Fully-Decentralized MADDPG with Networked Agents
Diego Bolliger, Lorenz Zauter, Robert Ziegler
TL;DR
This work tackles fully decentralized multi-agent reinforcement learning in partially observable stochastic games (POSG) by adapting MADDPG to operate with local information during both training and execution. It first introduces a fully decentralized MADDPG using surrogate policies to approximate other agents' behavior and local replay buffers, then adds a networked training paradigm with either hard consensus (averaging neighbors' critics) or soft consensus (penalized parameter alignment) to balance cooperation and decentralization. The authors extend these methods to adversarial and mixed settings by adjusting the gradient updates to account for potential adversaries and observations of their actions. Empirical results in the multi-particle environment show that the decentralized variants achieve comparable performance to MADDPG while reducing computational cost, with soft consensus offering better stability, especially as the agent count grows, and faster convergence than fully centralized approaches in larger-scale scenarios.
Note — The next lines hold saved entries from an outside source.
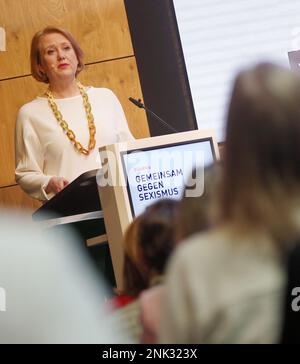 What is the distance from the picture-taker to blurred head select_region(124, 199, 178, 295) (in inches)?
50.1

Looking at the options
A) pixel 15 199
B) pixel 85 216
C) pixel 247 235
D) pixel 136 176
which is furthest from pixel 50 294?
pixel 15 199

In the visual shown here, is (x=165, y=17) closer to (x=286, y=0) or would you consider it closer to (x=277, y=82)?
(x=286, y=0)

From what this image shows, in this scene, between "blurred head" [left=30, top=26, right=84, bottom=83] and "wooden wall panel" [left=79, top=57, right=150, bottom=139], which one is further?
"wooden wall panel" [left=79, top=57, right=150, bottom=139]

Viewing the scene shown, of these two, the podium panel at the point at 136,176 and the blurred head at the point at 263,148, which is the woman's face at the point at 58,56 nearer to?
the podium panel at the point at 136,176

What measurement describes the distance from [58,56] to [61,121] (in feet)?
0.82

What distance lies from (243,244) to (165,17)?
354cm

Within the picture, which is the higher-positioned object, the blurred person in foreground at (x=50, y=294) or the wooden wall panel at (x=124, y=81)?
the wooden wall panel at (x=124, y=81)

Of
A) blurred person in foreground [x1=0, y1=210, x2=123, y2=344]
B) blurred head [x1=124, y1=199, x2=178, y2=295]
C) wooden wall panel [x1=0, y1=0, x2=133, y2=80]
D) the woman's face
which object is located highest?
wooden wall panel [x1=0, y1=0, x2=133, y2=80]

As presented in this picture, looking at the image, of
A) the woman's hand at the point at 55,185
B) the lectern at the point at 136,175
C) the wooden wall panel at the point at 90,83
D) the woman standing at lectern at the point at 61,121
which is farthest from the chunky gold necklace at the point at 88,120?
the wooden wall panel at the point at 90,83

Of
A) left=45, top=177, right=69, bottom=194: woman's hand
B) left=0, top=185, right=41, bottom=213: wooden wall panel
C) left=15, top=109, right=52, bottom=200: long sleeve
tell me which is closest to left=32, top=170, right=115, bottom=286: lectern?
left=45, top=177, right=69, bottom=194: woman's hand

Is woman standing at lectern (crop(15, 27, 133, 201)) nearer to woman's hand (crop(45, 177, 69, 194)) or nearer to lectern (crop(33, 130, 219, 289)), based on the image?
woman's hand (crop(45, 177, 69, 194))

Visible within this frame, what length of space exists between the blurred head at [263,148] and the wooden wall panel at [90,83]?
11.0ft

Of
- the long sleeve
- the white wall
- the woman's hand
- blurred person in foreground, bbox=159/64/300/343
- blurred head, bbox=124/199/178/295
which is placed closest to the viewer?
blurred person in foreground, bbox=159/64/300/343

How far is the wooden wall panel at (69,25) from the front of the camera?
14.6ft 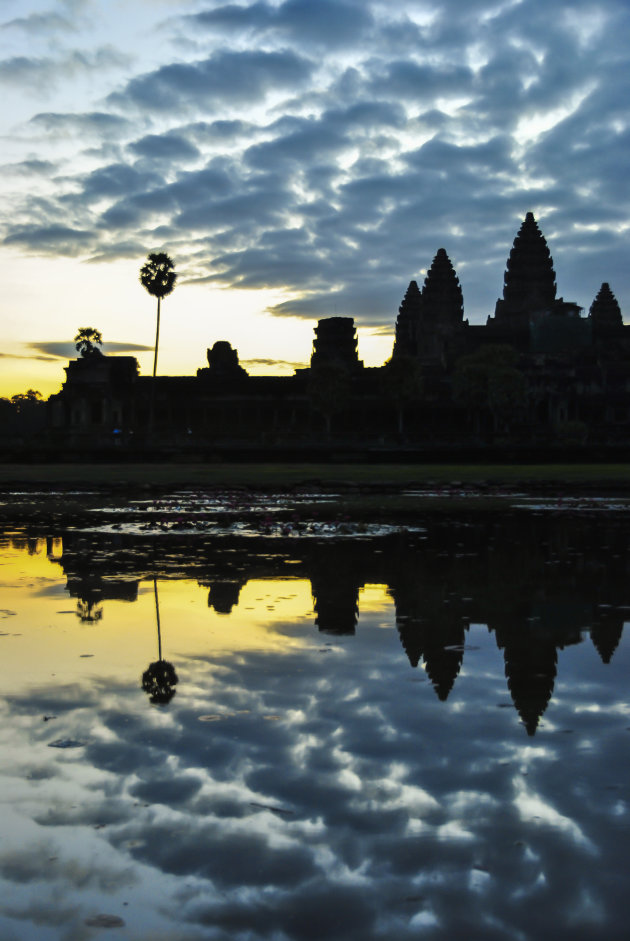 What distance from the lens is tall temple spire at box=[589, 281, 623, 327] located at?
533 ft

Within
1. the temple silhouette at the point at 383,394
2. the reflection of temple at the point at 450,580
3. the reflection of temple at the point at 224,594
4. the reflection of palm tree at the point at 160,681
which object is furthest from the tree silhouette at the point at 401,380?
the reflection of palm tree at the point at 160,681

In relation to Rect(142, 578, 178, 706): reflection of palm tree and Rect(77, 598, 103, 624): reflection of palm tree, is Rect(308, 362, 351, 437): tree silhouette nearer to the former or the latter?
Rect(77, 598, 103, 624): reflection of palm tree

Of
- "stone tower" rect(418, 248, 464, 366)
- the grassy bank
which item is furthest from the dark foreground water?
"stone tower" rect(418, 248, 464, 366)

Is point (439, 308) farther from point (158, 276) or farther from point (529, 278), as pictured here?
point (158, 276)

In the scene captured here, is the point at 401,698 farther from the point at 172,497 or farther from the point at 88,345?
the point at 88,345

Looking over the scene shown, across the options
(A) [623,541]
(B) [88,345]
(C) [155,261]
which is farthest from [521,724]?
(B) [88,345]

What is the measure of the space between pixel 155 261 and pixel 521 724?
95.2 meters

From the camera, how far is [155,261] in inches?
3826

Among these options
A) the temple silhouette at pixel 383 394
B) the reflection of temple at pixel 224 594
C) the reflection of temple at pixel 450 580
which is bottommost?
the reflection of temple at pixel 224 594

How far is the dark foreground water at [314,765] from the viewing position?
377 cm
These findings demonstrate scalable decentralized MARL with local observations and point to future work on applying the approach to other algorithms like MAPPO to further improve performance in large, networked teams.
Abstract
In this paper, we devise three actor-critic algorithms with decentralized training for multi-agent reinforcement learning in cooperative, adversarial, and mixed settings with continuous action spaces. To this goal, we adapt the MADDPG algorithm by applying a networked communication approach between agents. We introduce surrogate policies in order to decentralize the training while allowing for local communication during training. The decentralized algorithms achieve comparable results to the original MADDPG in empirical tests, while reducing computational cost. This is more pronounced with larger numbers of agents.